Una distopía colectiva (sobre "El año del desierto" de Pedro Mairal)

Una distopía colectiva
POR ALEJANDRA RODRÍGUEZ BALLESTER


La imagen regresiva, de una sociedad que debe vivir de sus propios desechos, el retroceso que significó el quiebre de 2001/2002, que en pocos meses barrió puestos de trabajo y mostró cuán endebles eran las bases de muchos proyectos de futuro, aparecen reflejados y transmutados –como sucede en la mejor ficción– en la distopía de Pedro Mairal, “El año del desierto”, publicada en 2005. La novela comienza en los primeros días de enero, en los que ya son visibles las primeras señales de la “intemperie” que avanza desde la provincia y hunde cada nueva zona en el deterioro.

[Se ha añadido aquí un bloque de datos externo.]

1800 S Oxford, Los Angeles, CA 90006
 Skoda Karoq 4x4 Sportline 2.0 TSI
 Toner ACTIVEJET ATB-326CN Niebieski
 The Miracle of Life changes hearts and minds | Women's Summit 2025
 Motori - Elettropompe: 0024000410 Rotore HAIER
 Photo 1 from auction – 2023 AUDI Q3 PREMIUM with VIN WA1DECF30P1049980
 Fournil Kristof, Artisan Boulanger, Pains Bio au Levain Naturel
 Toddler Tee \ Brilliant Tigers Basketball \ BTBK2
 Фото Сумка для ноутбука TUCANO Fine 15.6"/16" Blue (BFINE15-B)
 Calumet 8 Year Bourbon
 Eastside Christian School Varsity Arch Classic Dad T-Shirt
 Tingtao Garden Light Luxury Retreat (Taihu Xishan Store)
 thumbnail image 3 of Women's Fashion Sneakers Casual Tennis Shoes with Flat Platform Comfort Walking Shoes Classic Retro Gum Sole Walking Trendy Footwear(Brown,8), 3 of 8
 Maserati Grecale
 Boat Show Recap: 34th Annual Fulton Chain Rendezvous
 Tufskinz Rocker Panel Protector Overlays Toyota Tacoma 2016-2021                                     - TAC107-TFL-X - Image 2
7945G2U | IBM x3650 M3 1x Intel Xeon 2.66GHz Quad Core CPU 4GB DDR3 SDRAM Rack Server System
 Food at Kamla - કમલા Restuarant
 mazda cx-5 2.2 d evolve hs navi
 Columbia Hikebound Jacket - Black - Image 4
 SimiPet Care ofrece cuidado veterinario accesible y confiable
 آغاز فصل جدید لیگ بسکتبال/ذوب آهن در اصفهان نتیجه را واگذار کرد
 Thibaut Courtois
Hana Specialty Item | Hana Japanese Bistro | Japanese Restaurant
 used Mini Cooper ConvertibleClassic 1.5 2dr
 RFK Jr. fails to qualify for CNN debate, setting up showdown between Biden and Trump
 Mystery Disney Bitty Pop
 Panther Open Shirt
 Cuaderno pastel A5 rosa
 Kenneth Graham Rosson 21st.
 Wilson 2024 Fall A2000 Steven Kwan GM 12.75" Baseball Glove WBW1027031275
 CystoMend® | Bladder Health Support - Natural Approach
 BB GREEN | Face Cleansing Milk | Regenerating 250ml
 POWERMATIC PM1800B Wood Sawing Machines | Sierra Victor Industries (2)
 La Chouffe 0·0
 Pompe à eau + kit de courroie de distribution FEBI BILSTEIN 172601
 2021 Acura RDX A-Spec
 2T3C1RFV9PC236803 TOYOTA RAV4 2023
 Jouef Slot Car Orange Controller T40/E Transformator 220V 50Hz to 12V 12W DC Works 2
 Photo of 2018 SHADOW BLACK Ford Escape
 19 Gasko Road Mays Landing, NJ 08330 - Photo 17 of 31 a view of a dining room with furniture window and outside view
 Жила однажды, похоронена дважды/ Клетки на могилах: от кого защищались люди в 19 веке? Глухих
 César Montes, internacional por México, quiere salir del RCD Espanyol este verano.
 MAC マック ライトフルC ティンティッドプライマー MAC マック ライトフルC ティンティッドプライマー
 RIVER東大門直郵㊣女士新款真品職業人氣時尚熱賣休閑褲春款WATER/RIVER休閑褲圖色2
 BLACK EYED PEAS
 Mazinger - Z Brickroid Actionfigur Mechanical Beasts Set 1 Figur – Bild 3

María, la protagonista, decide mudarse desde Beccar al centro para huir de esa amenaza, mientras a su alrededor proliferan señales de  precariedad: las máquinas de escribir reemplazan a las computadoras, los canales de aire al cable y las góndolas ofrecen marcas desconocidas como Teem o Crush. En una ciudad de manzanas amuralladas, departamentos hacinados y casillas que se amontonan en las calles en un clima de violencia desatada, Mairal crea un condensado de significantes sociales contemporáneos: los sin techo, los ocupas, la obsesión por la seguridad, que se enlazan con dicotomías políticas, como el enfrentamiento entre capital y provincia, entre civilización y barbarie. A la disolución social se le suma la disgregación de la Nación y a medida que avanza el relato, esta distopía retrospectiva pasa por los tiempos de la inmigración –ahora hay un Hotel de Emigrantes– y se interna en las luchas de caudillos para llegar a la frontera, a los malones y al salvajismo absoluto. Hasta la lengua se desintegra, en un argot ininteligible. Y María es la cautiva, y el matadero es la empresa en la que trabajaba, donde ahora se faena carne humana. Con el riesgo de la alegoría pisándole los talones, la novela de Mairal es “la” novela de la crisis colectiva de 2001, aligerada por su humor irónico y por el ritmo de una narración que no se detiene.